The following is an address to Athens City Council, albeit a circuitous route, via response to Edward Newman’s Letter to the Editor, Athens News, May 14, 2020.

In regards to the pending City of Athens waste contract:

Master Newman,

There are at least two flaws in any argument for adopting this [solid waste] contract [as presently drafted].

Adding to the waste stream in order to get to zero waste not only needlessly consumes resources, but prolongs the journey, presuming that zero waste is attainable in the first place, much less in an economic system that doesn’t proactively create or support markets for wastes.

Let “us” simplify this. Take a one-size-fits-all policy, or one nearly so. Apply it to pants. Overnight you have everyone wearing pants, despite a fair percentage better served by skirts. You have thin people with their pants falling off. You have portly people that can’t fit into their pants. You have baggy pants requiring suspenders and only a small percentage of the population with their pants fitted properly.

Also discounted are the added materials, labor and energy needed to manufacture suspenders and over-sized belts for all those souls who never before needed them prior to issuance of the “City’s” (yes, the “City’s”) new brand of pants.

If you’re a fast food drive thru like Burger King or McDonalds, where dollars per units of production [are] your soul driver, one-size-fits all or limited SKUs is paramount. And that approach in some or even large part makes a degree of sense relative to a waste contract.

But that approach also homogenizes the entirety of Athens. Those who are already proactive and who compost pay for those that don’t – a tax on services neither used or needed.

In this contract there is apparently no definitive waiver, directive or apportionment for any vendor to detour, allowing for creative alternatives leading to the reduction of collection stops, escalation of on-site composting, mulching on site, reduced fuel consumption, lessened need to purchase compost, mulch and fertilizer through commercial outlets, reduced aggregate and personal water consumption, reduced personal and aggregate carbon footprint, or reduced risk to citizens.

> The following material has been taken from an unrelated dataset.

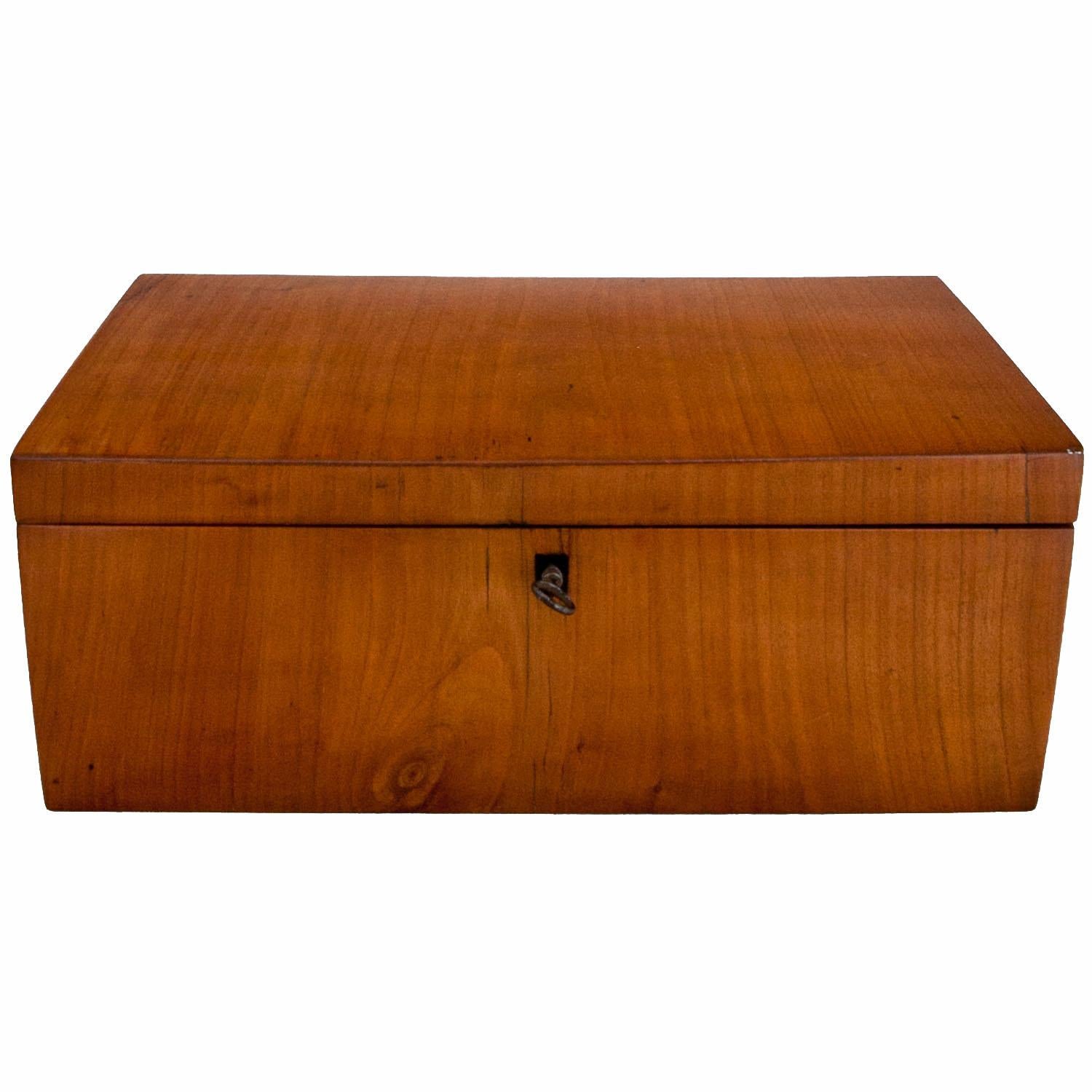 Lockable jewelry box or chest with a hinged lid and a smooth cherrywood corpus.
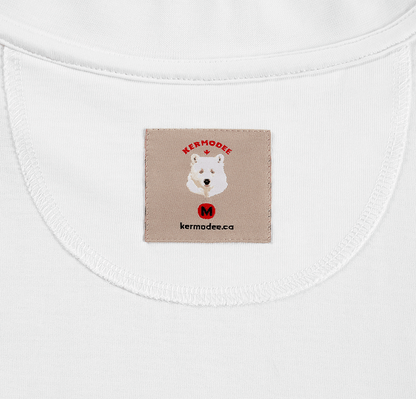 Close-up of inside woven label with Kermodee bear logo and website on white t-shirt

All that opportunity lost due to a less than adequately considered and penned waste contract by City employees and leaders, who are either over-taxed, under-informed or under-concerned.

In its present state, this contract is based upon drive-thru math. It’s a boilerplate and gill-net proposal lacking by perhaps half all the inventiveness deserving of a self-professed progressive government and community, where needless by-catch is once again relegated to the level of “acceptable loss” or economic necessity, when it’s not and needn’t be.

If adopted as written, the City’s presumably progressive leaders will once again do a disservice to all minds and abilities – self-confessed progressives or not – of the Athens community, as it doesn’t meet the City’s potential by half.